WORK ORDER: From the line with "4media flv to mp4 converter 5.1.24.0421" to the last line of the data below, repeat every line exactly and add nothing.
++++ SUPPLIED DATA ++++
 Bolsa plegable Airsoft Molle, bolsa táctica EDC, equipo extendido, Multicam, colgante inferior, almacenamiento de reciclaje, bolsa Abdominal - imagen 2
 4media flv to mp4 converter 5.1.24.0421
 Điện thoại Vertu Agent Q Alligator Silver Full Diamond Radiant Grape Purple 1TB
++++
EXPECTED ANSWER:
 4media flv to mp4 converter 5.1.24.0421
 Điện thoại Vertu Agent Q Alligator Silver Full Diamond Radiant Grape Purple 1TB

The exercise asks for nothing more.